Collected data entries
□ □ □ □ □

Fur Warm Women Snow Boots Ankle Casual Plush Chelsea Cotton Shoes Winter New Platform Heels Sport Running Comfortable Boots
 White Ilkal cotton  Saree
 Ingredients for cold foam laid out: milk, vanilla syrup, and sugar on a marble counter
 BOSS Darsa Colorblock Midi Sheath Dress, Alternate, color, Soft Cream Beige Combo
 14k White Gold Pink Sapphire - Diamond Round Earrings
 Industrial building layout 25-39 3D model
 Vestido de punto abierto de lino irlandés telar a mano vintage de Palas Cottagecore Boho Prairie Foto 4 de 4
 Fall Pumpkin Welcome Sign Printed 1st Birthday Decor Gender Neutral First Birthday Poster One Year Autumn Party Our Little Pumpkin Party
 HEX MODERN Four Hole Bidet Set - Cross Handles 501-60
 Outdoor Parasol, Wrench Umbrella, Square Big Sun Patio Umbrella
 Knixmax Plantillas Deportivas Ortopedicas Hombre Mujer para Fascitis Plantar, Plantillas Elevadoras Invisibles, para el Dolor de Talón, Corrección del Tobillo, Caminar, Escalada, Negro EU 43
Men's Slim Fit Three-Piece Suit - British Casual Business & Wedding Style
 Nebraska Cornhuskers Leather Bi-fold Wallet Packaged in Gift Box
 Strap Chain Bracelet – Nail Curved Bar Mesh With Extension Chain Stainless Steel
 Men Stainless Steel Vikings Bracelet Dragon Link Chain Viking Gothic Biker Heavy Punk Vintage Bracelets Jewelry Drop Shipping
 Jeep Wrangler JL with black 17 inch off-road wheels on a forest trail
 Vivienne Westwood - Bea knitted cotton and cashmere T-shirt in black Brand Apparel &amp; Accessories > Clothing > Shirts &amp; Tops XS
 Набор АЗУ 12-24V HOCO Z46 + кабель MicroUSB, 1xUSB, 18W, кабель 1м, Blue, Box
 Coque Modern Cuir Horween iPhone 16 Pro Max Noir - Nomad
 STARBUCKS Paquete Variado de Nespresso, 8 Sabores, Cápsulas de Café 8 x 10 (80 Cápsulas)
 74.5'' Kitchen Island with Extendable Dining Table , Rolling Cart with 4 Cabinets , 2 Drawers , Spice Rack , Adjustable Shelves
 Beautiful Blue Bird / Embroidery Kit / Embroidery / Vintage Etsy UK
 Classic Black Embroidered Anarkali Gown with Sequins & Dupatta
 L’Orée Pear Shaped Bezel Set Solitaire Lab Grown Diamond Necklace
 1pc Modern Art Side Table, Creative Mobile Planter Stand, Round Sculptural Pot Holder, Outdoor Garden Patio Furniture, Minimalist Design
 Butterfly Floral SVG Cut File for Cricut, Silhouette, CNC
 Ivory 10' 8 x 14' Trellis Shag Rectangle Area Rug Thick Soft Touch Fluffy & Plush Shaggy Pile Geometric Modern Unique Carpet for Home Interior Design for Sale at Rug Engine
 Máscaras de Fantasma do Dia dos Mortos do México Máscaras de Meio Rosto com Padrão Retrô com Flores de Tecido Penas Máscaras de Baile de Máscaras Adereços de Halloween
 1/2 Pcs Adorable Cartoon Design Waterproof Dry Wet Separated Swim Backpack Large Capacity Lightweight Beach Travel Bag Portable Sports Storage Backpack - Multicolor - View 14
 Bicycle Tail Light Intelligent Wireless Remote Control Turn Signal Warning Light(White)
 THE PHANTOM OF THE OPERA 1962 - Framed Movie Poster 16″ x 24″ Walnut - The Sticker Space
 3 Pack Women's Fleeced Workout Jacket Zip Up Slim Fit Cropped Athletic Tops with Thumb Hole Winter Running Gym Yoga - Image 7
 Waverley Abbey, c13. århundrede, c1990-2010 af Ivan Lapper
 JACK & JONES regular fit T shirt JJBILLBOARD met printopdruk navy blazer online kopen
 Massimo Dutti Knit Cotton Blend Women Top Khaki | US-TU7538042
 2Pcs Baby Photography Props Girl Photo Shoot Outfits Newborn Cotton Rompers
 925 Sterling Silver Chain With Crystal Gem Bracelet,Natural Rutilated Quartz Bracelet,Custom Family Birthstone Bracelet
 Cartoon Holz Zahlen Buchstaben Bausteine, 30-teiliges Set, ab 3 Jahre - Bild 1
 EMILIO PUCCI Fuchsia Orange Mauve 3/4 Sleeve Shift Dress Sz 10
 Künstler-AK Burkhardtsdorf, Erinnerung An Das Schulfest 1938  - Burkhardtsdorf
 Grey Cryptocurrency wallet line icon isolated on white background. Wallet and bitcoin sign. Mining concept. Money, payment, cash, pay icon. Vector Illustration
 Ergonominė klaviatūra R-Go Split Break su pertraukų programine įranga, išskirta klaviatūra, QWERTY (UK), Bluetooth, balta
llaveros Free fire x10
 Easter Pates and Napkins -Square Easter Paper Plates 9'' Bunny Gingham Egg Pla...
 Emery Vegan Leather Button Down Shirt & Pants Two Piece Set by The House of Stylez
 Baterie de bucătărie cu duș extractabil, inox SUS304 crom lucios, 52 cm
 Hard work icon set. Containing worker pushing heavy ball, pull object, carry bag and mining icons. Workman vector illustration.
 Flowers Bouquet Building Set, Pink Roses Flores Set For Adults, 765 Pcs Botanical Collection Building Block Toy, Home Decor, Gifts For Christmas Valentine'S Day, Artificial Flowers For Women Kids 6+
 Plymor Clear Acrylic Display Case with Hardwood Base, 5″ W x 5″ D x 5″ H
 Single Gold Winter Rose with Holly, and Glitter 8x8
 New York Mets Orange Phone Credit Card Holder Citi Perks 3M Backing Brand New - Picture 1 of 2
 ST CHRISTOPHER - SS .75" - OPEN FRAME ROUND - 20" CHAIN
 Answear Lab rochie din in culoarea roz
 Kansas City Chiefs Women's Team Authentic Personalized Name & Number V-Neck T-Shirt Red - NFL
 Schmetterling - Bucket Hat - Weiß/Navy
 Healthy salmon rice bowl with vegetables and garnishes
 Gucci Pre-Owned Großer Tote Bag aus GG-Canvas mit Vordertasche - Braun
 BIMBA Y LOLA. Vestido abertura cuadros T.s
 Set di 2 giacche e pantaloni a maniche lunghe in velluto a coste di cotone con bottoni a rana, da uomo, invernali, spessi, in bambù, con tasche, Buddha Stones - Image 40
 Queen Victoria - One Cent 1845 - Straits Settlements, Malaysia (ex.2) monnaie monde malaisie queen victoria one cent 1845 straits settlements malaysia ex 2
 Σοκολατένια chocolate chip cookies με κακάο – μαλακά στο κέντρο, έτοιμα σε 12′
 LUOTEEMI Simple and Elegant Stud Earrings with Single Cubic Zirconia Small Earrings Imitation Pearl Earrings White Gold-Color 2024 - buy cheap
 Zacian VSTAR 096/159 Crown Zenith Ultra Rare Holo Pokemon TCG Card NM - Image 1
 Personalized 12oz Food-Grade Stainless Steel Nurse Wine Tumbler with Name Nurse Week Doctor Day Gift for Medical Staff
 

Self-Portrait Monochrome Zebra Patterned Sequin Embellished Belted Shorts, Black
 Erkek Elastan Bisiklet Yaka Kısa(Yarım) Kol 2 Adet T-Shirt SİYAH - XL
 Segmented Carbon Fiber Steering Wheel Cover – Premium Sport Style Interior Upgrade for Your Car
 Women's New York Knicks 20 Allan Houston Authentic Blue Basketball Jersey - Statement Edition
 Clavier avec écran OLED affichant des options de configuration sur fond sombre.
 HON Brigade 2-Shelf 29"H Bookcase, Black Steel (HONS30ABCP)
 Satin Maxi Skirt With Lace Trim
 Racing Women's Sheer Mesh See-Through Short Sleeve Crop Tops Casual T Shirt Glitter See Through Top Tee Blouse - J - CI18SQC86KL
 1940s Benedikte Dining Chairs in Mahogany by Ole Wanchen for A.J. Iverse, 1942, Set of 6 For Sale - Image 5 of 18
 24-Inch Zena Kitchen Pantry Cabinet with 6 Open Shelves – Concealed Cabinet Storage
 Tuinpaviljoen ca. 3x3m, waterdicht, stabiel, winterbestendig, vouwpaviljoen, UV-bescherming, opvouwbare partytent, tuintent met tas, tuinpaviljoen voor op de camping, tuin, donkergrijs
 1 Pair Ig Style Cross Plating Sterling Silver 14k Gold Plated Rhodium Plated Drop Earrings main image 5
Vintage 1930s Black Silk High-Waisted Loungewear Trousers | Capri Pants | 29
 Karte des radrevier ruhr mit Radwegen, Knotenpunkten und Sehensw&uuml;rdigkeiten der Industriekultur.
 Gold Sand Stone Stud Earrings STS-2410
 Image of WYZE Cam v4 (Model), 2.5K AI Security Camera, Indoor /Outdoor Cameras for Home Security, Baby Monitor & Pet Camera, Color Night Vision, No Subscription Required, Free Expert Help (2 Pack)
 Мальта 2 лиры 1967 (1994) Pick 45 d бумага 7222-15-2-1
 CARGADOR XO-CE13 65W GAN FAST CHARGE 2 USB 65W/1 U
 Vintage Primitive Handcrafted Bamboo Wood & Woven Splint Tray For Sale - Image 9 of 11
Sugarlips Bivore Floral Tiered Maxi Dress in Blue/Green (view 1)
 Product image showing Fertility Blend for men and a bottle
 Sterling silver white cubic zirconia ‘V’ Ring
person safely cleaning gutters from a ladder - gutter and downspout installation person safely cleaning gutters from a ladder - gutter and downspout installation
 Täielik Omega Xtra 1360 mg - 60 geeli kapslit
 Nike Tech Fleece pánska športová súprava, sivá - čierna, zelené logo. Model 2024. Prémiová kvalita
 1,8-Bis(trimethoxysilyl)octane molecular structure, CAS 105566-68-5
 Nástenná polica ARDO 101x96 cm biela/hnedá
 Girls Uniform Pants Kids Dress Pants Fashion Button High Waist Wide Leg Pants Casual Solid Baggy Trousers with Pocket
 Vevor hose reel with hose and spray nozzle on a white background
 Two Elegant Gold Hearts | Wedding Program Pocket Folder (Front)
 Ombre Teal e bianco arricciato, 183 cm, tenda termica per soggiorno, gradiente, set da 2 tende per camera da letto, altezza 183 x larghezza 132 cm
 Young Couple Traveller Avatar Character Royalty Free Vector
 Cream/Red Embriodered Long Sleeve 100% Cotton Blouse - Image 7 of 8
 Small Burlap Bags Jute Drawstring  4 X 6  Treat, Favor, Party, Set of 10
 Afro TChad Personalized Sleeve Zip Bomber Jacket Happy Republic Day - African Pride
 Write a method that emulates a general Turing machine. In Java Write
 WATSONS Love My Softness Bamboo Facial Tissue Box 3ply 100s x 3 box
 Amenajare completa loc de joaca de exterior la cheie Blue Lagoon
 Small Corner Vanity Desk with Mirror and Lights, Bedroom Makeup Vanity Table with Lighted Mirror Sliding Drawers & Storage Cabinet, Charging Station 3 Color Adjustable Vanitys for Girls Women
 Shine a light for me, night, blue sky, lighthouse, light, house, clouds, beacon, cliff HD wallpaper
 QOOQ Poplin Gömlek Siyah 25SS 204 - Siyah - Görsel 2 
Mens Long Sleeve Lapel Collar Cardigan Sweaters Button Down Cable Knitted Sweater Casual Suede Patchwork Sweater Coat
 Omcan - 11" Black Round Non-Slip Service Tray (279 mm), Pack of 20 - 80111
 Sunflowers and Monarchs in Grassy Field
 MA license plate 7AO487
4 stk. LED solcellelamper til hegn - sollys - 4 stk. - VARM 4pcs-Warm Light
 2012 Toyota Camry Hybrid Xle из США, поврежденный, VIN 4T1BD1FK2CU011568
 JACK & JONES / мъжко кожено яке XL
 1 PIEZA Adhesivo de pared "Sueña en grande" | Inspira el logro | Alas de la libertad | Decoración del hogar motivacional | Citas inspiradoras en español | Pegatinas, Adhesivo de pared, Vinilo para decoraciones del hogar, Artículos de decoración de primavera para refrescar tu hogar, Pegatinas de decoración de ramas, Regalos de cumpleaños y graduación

□ □ □ □ □

◆ **Your objective**
The answer is the run of lines above from the line containing "CARGADOR XO-CE13 65W" through the line containing "Mens Long Sleeve", copied exactly and alone.

◆ **Expected output**
 CARGADOR XO-CE13 65W GAN FAST CHARGE 2 USB 65W/1 U
 Vintage Primitive Handcrafted Bamboo Wood & Woven Splint Tray For Sale - Image 9 of 11
Sugarlips Bivore Floral Tiered Maxi Dress in Blue/Green (view 1)
 Product image showing Fertility Blend for men and a bottle
 Sterling silver white cubic zirconia ‘V’ Ring
person safely cleaning gutters from a ladder - gutter and downspout installation person safely cleaning gutters from a ladder - gutter and downspout installation
 Täielik Omega Xtra 1360 mg - 60 geeli kapslit
 Nike Tech Fleece pánska športová súprava, sivá - čierna, zelené logo. Model 2024. Prémiová kvalita
 1,8-Bis(trimethoxysilyl)octane molecular structure, CAS 105566-68-5
 Nástenná polica ARDO 101x96 cm biela/hnedá
 Girls Uniform Pants Kids Dress Pants Fashion Button High Waist Wide Leg Pants Casual Solid Baggy Trousers with Pocket
 Vevor hose reel with hose and spray nozzle on a white background
 Two Elegant Gold Hearts | Wedding Program Pocket Folder (Front)
 Ombre Teal e bianco arricciato, 183 cm, tenda termica per soggiorno, gradiente, set da 2 tende per camera da letto, altezza 183 x larghezza 132 cm
 Young Couple Traveller Avatar Character Royalty Free Vector
 Cream/Red Embriodered Long Sleeve 100% Cotton Blouse - Image 7 of 8
 Small Burlap Bags Jute Drawstring  4 X 6  Treat, Favor, Party, Set of 10
 Afro TChad Personalized Sleeve Zip Bomber Jacket Happy Republic Day - African Pride
 Write a method that emulates a general Turing machine. In Java Write
 WATSONS Love My Softness Bamboo Facial Tissue Box 3ply 100s x 3 box
 Amenajare completa loc de joaca de exterior la cheie Blue Lagoon
 Small Corner Vanity Desk with Mirror and Lights, Bedroom Makeup Vanity Table with Lighted Mirror Sliding Drawers & Storage Cabinet, Charging Station 3 Color Adjustable Vanitys for Girls Women
 Shine a light for me, night, blue sky, lighthouse, light, house, clouds, beacon, cliff HD wallpaper
 QOOQ Poplin Gömlek Siyah 25SS 204 - Siyah - Görsel 2 
Mens Long Sleeve Lapel Collar Cardigan Sweaters Button Down Cable Knitted Sweater Casual Suede Patchwork Sweater Coat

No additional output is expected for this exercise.